Wing seeks to fly higher after 2016 success.
The New York Giants’ offense was bailed out several times by the defense last season, but special teams played their part as well.
Punter Brad Wing made facing the already daunting task of facing the Giants’ defense even harder as he forced opposing offenses to begin their drives deep within their own territory.
Wing’s prowess was especially on display during the Giants’ playoff push in December, when Wing earned back-to-back Special Teams Player of the Week Awards for his efforts in wins over Dallas and Detroit.
But Wing’s season ended on a grounded note, as he was not immune to the Giants’ struggles in their NFC Wild Card loss to the Green Bay Packers in January. The loss has haunted Wing, but it’s nothing Special Teams Coordinator Tom Quinn doesn’t think he can’t recover from.

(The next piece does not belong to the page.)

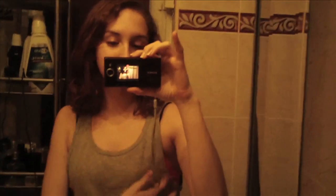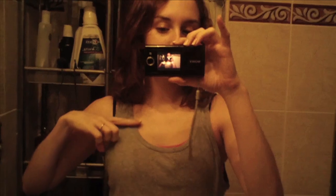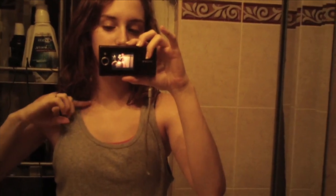Hey everybody, so Rebecca in the bathroom again. This is my hair - this is a sports bra by the way, I'm not indecent. When I cut it initially my hair was maybe to here, then I cut it to here, and every few weeks I've been slowly cutting it shorter and shorter.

“He just kept working. I mean he’s got a tremendous work ethic,” Quinn said when asked what worked for Wing last season.
“(We as a unit) tried to simplify it for him a little bit and he did. I think as his confidence grows and you could see the true ability come out, and he’s got a lot of ability. He’s very talented.”
Can Wing recover from the playoff loss?
Wing struggled to pin the Packers deep, his puts getting lost and in frozen Green Bay air. He averaged just under 40 yards per kick, situating the Packers inside their own 20 only twice.
Wing can be trusted, however, as his stats have improved year after year. You almost never want to see your punter on the field, as his prescience more often than not indicates a failed offensive possession. However the left-footed Wing often soothed the blow, dropping 28 punts inside the 20-yard-line (tied for 8th in the NFL in 2016).
Does Wing have a shot at achieving Giants franchise history this season?
Definitely. In his maiden year in New York, 2015, Wing downed 33 punts inside the 20, tying a Giants’ record set by Brad Maynard in 1997 and 1998.
Should the reports of his stronger leg and renewed sense of confidence and redemption be proven true this season, it’s possible he can shatter the mark held by Maynard since the 90’s.
There were times last season when calling Wing the Giants’ MVP was not an enormous stretch of the imagination. His kicks made opposing offenses uncomfortable and set the table for defensive heroics.
Wing’s final contributions may go unnoticed in the final box score–unless, of course, he tallies another fake punt “touchdown”–but as the Giants regretfully discovered in 2010, a punt can make or break a team.
More often that not, Wing’s antics have helped the Giants more than hurt them.